France Telecom Cuts Dividend, Hoards Cash Amid Debt Crisis
February 23, 2012, 1:07 AM ESTBy Marie Mawad
(Updates with CFO comments starting in third paragraph.)
Feb. 22 (Bloomberg) -- France Telecom SA, Europe’s highest- yielding former telephone monopoly, cut its dividend forecast and backed off from a promise to buy back shares, as it hoards cash amid the region’s debt crisis.
The 2012 payout will be in a range of 1.21 euros to 1.35 euros a share, Chief Financial Officer Gervais Pellissier said, scrapping a previous projection for 1.40 euros. Operating cash flow will be about 8 billion euros ($10.6 billion) this year, declining from 9.3 billion euros in 2011.
“The economy is worse than we had expected last year. French sovereign debt was downgraded,” Pellissier said on a conference call today. “We think a strong balance sheet is key in this context. It’s become our main goal.”

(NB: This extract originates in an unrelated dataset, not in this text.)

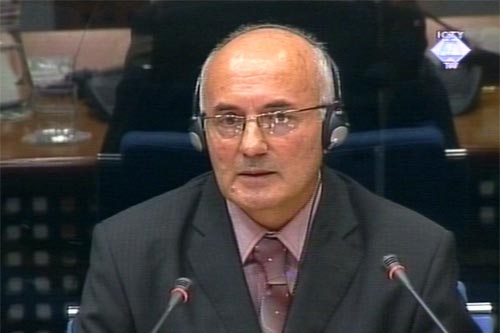 Rajko Kasagic, witness in the Krajisnik trial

Following Telefonica SA and Telekom Austria AG, the Paris- based operator of the Orange mobile-phone network became the latest phone company to back away from dividend forecasts. France was among European countries whose AAA ratings were cut by Standard & Poor’s last month, leaving Germany the euro-area’s only stable AAA. Deutsche Telekom AG is scheduled to report earnings tomorrow, followed by Telefonica on Friday.
More Cuts?
“The dividend cut is a positive step by France Telecom as it still continues to be very attractive for investors compared with companies from other industries,” said Alberto Espelosin, who helps manage about 6 billion euros including France Telecom shares at Zaragoza, Spain-based Ibercaja Gestion. “Deutsche Telekom and Telefonica could announce more dividend cuts this week.”

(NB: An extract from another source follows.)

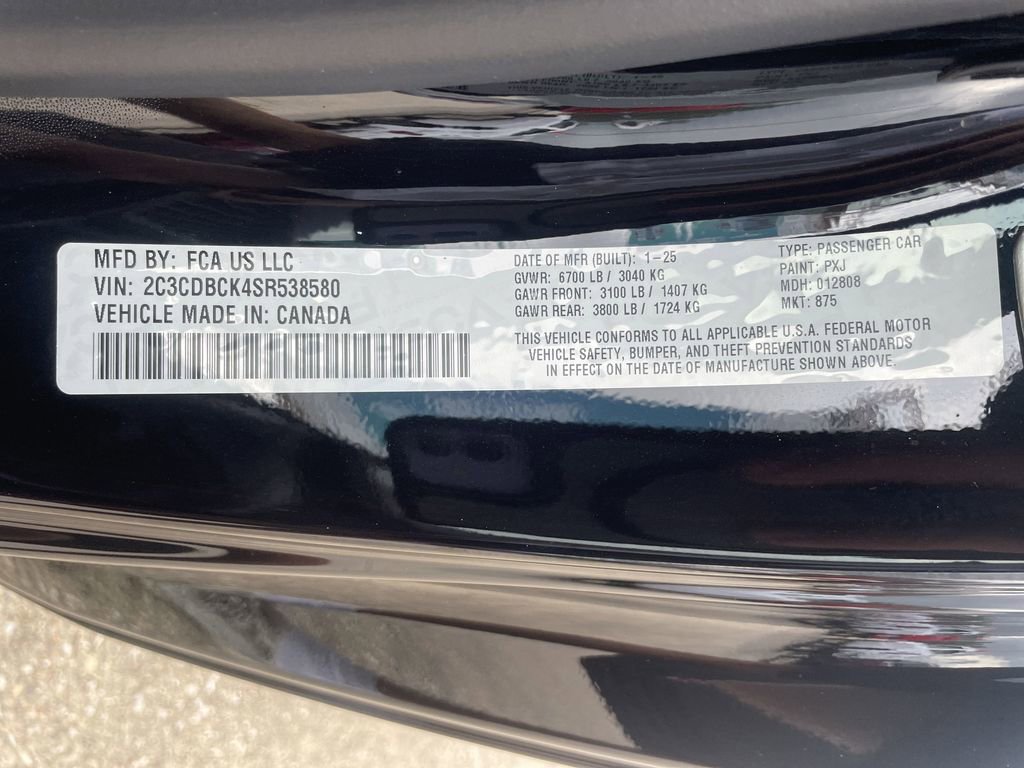 New 2025 Dodge Charger R/T w/ Quick Order Package 25M R/T image 25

France Telecom gained 1.4 percent to 11.60 euros at 9:05 a.m. in Paris. The stock had declined 29 percent in the 12 months before today, trailing peers including Vodafone Group Plc, Deutsche Telekom and Telefonica. The Bloomberg Europe Telecommunication Services index declined 15 percent in the same period.
The French operator had a dividend yield of 12.2 percent based on yesterday’s closing price, compared with a European industry average of 7.8 percent.
Asset Sales
France Telecom, which competes with Vivendi SA’s SFR in its home country, said it had pushed back a plan to use proceeds from recent asset sales to repurchase stock. As it refocuses business on emerging markets, the company began a review of its European portfolio last year and has agreed to sell units in Austria and Switzerland in the past months.

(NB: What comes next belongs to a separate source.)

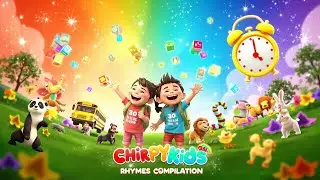 30-Minute Kids&rsquo; Rhymes Compilation | Fun Learning Adventure! | Chirpy Kids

“The financial circumstances are such that we cannot afford it today,” Pellisier said. “It doesn’t mean there won’t be a share buyback. It just means there won’t be one in 2012.”
The French company expects pricing pressure will continue in 2012 in its home market, where it generates almost half of total sales, after Iliad SA began a discount service last month under the Free brand. France Telecom said today as of Feb. 15 it had lost 201,000 subscribers, or about 0.7 percent of Orange’s total customer base in France.
Fourth-quarter earnings before interest, taxes, depreciation and amortization fell 3.9 percent in 2011 to 3.47 billion euros, France Telecom said. Sales slipped 2.6 percent to 11.43 billion euros. Analysts had predicted Ebitda of 3.42 billion euros on sales of 11.38 billion euros, according to data compiled by Bloomberg.
Analysts project 2012 Ebitda of 14.2 billion euros on sales of 44.1 billion euros, according to Bloomberg data.
France Telecom expects its footprint in the Middle-East and Africa should generate growth comparable to the 6.8 percent reported in 2011, excluding Egypt and Ivory Coast. “This year the growth in emerging markets was erased by the political turmoil in Egypt and Ivory Coast,” said Pellissier.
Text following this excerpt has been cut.